The Cavalier daily. Friday, February 14, 1969 | ||
Math Professor Asks...
Should ROTC Drills Disrupt Classes?
I am a tolerant man, and I have
been able to tolerate many things
from the military establishment at
this University. I have been able to
politely ignore the fact that students
are receiving credit for such
courses as "The Art of War." I have
accepted being on the same faculty
with "professors" appointed by the
Pentagon, not by the faculty. I have
managed to turn my head when I
see young men walking around
wearing the uniforms of war and
carrying the implements of destruction.
But, gentlemen, how can I
tolerate the military's disruption of
my class? My Tuesday afternoon
class and I are each week interrupted
by the tramping of young
feet and the harsh notes of some
tune composed in the midst of
some insignificant war during some
forgotten battle by some dying
soldier. Should the ROTC troops be
allowed to interrupt the business of
this academic community?
The impetus for severing the
connections of our University with
the military establishment must
come from the students. We have
all been reading of the expulsion of
ROTC courses and instructors from
many universities. From personal
experience, I can tell you that the
action that is occurring in universities
arises out of the efforts of
students.
The time has come when tolerant
men must act.
Assistant Professor of
Applied Mathematics
Welcome Comments
I appreciate your devoting your
editorial space on Tuesday to a
discussion of the required comprehensive
examinations in the College,
and I am sure that the
members of the Curriculum Evaluation
Committee will carefully consider
your suggestion to abolish
them.

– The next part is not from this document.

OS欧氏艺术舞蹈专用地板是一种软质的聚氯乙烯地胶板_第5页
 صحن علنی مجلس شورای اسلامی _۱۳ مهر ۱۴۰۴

As you know, any recommendation
that the Committee may
wish to make must be approved by
the College Faculty.
Your comments - and others
like them - are welcomed by the
Curriculum Evaluation Committee.
Others, both Faculty and students,
will be given an opportunity to let
their opinions be known to the
Committee by a questionnaire that
will be distributed to all Faculty
and all fourth-year students within
the next few weeks. We hope that
all the recipients of the questionnaire
will complete it and return it
to us within a week.
Dean of the College
Number Two
An important discovery felt to
be of great importance to the entire
University community has recently
been made by a group of graduate
students in Emmet House. Contrary
to all indications and beliefs (yes,
beliefs!) the rooms on the Lawns
and Ranges are no longer recognized
by administrators within the
Housing Office as the most prestigious
accommodations on the
Grounds. Their position as the
desirable housing has now (alas)
been usurped by (of all things) the
architectural monstrosity of McCormick
Road. Yes, the Housing
Office has decreed that single
rooms in Emmet House are now
worth more to a student than are
rooms in the Monroe Hill Houses or
on the Lawns and Ranges.
A simple listing of the merits of
Emmet - concrete block walls,
metal furniture, lack of curtains,
presence of roaches and noisy
weekend junior Wahoos in adjacent.
Page House - reveals that the price
of the Emmet House rooms ($374)
includes $19 a year more than-the
price of a large single on the Range
($355) for the sheer prestige of
living directly over the Housing
Office. This sum, it must be seen, is
more than enough to make the
rooms in Emmet the most expensive
housing available to male
students at Mr. Jefferson's University.
So, in conclusion, we the undersigned
residents of Emmet House
take this opportunity to inform
those men in other, previously
more highly-esteemed housing, that
they are now only NUMBER TWO!
The Housing Office has so decreed.
Grad. History
Grad. French
Grad. English
Rotten Pillars
Can you be serious in your
editorial "Take-Home Temptations"?
If someone's honor is as
tenuous as glass so that it is "bound
to give way under the strain" of
take-home tests, then the University's
Honor System is already
resting on rotten pillars. What kind
of honor can one claim who regards
taking a test in the quiet of his
room or of the library as "an
unnecessary and grueling test" of
his honor? An Honor System, it
seems, either rests on honor or it
does not exist. If it must rest on
"honor" in quotes, then it but
makes a mockery of the ideal of
honor and the concept of an honor
system.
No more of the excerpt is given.